東京メトロ、東京で大都市型MaaSを開始、アプリにシェアサイクルやタクシーなどの経路検索を可能に 他
3月31日 東京メトロがこの7月からアプリをリニューアルする。アプリ名は「my!東京MaaS」。都営交通、Japan Taxi、docomo bike share、ANAなどと連携する。鉄道に加え、シェアサイクル、タクシー、コミュニティバスなどラストワンマイルへの足と連携する。コミュニティバスと大手交通事業者を一括検索できるアプリとしては「バスNAVI TIME」などが浮かぶ。現在、後者アプリでルート検索すると、利用者は、検索結果画面に時間が早いルート、運賃が安いルート、乗換が少ないルートの3つのタブから、目的とする乗換え情報が得られる。せっかくの新アプリ、2021年の7月23日に延期されたオリンピックに訪れる外国人観光客がアプリを利用する段には「寄り道」情報の充実に期待したい。周辺情報にあたる項目は、体験情報(東京メトロの季刊『Metro Walker』、都営交通なら『さくらたび。』など)に置き換えられる。各社じまんの都市情報誌・フリーペーパーが蓄積したDBを付加いただきたい。いまだからこそ、である。
NEDO 首都高を使った自動運転の実証実験を開始
3月30日 先日当欄に記載した国土交通省のレベル3における啓発ビデオの中では、クルーズコントロールや車線維持、衝突被害軽減ブレーキなどの課題が扱われていた。昨今、レベル3の課題の一つとして「高速道路」本線への「合流」時のコントロールが話題に上がる。この課題に対して一筋の光が見えて来た。NEDO(国立研究開発法人新エネルギー・産業技術総合開発機構)が、3月16日から、首都高(羽田空港~臨海副都心間)で合流支援情報(インフラ側の情報)を活用した自動運転の実証実験を開始した。実験では、車両を一般道からETCを通過し、安全に本線に合流させる。関連分野の研究は、国土技術政策総合研究所や自動車メーカー(トヨタ、日産など4社)、電機メーカー、地図会社、高速道路6社、日本道路交通情報センターなどが共同で取り組んでいる。レベル3車両の販売開始以降は、首都高の中央環状線など複雑な構造を持つ道路内での走行が想定される。双方の成果を協調させ、より安全性の高いシステムが早期に実用化することを期待したい。
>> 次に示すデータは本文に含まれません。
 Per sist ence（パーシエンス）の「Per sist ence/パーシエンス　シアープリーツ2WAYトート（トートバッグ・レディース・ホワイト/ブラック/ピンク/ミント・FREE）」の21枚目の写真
政府、2020年度もスマートシティ関連事業を支援…自動運転モビリティサービスなど 他
3月26日 令和2年の各省庁のスマートシティー関連支援事業が明らかになった。内閣府の支援対象は社会実装に向けたハンズオン支援(各種補助金、制度的・技術的課題等に対する助言等)、総務省はデータ連携PF構築など、実装に係る経費全般、国交省(都市局)は実証実験に、経産省は実証実験事業に係る経費全般、将来構想、事業計画策定、事業性分析支援等のソフト面での支援、国交省(総合政策局)は実証実験に係る経費全般、AIオンデマンド交通やキャッシュレス決済の導入に予算を割り当てた。本事業に於いて内閣府は地方創生の観点から優れた自治体の未来技術の抽出と各自治体への展開(地域実装協議会の構築)、総務省は分野に関わる様々なデータ収集・分析を行う基盤、推進体制づくり、国交省(都市局)はスマートシティ分野での先駆的な取り組みの募集と支援、経産省はサービスの事業化を見据え、異業種連携による収益の活用・付加価値創出、その他の移動との重ね掛けによる効率化、サービスのモビリティ化、需要側の変容を促す仕掛け、モビリティ関連のデータ取得、交通・都市政策との連携、国交省(総合政策局)はMaaSの普及、より本質的な移動手段の確保や充実、交通機関の維持・活性化を狙い実証実験や基盤づくりへの支援を行う。成果を期待したい。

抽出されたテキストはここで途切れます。